Thermal shock and degradation of metallization systems on silicon

The purpose of this study is to investigate the mechanisms of degradation of aluminum metallization under conditions of thermal shock caused by rectangular current pulses (amplitude j < 8 × 10¹⁰ A/m², duration t < 800 μs).

The results were obtained using oscillography and optical microscopy and through the construction of an empirical model of the thermal degradation of metallization systems.

Initially, for the authors’ studies, they deduced an equation that associated the depth of melting with the parameters of a current pulse.

The authors were able to observe effects only in systems with appropriate adhesion of the thin metal films. For the systems with bad adhesion, the main mechanisms of degradation were associated with the melting of the metal, the formation of melted drops (up to 20 mcm in size) and the movement of these drops along the electrical field due to the electrocapillary effect.

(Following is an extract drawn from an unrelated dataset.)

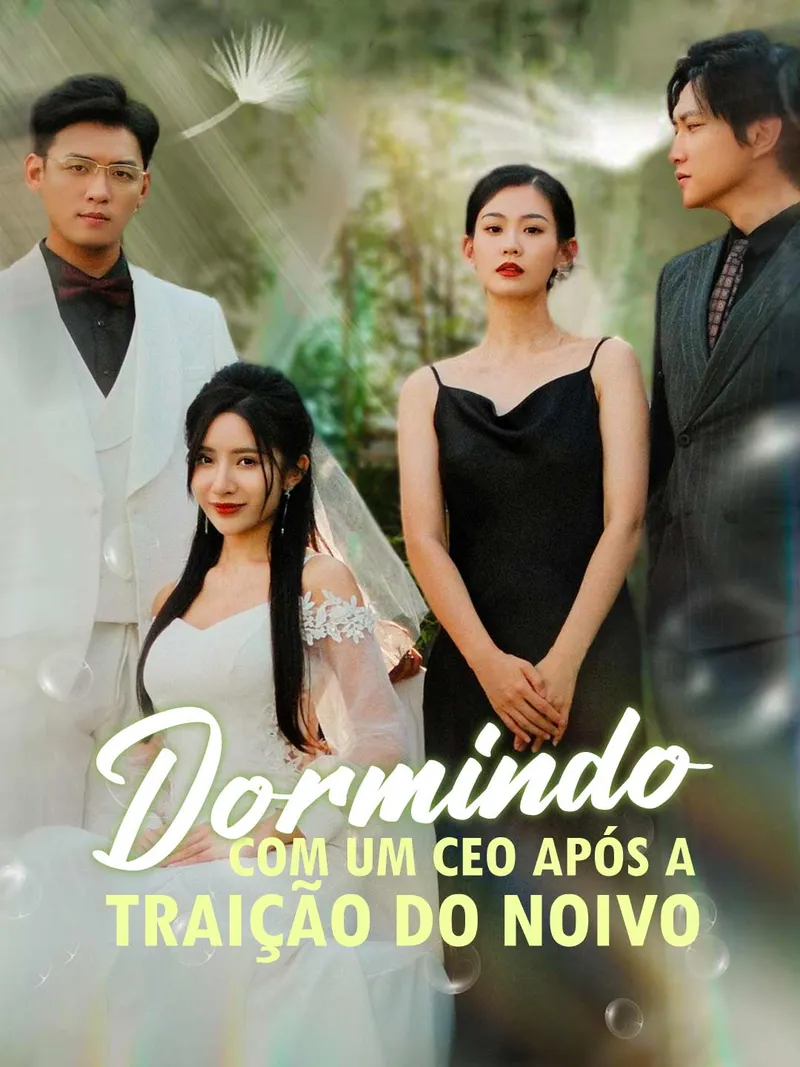 Capa de Dormir com um CEO Após a Traição do Noivo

The mechanisms the authors studied could only occur in high-power semiconductor devices.

The principal mechanism of melting of a metallization track is linked to the heat dissipation at the interface of solid and liquid phases under conditions of thermal shock. The authors estimated the mechanical stresses in subsurface layers of silicon in the proximity of a non-stationary thermal source. The authors’ results show that the mechanical stresses that are strong enough to form dislocations emerge with current flow with power measuring approximately 0.7 Pkr.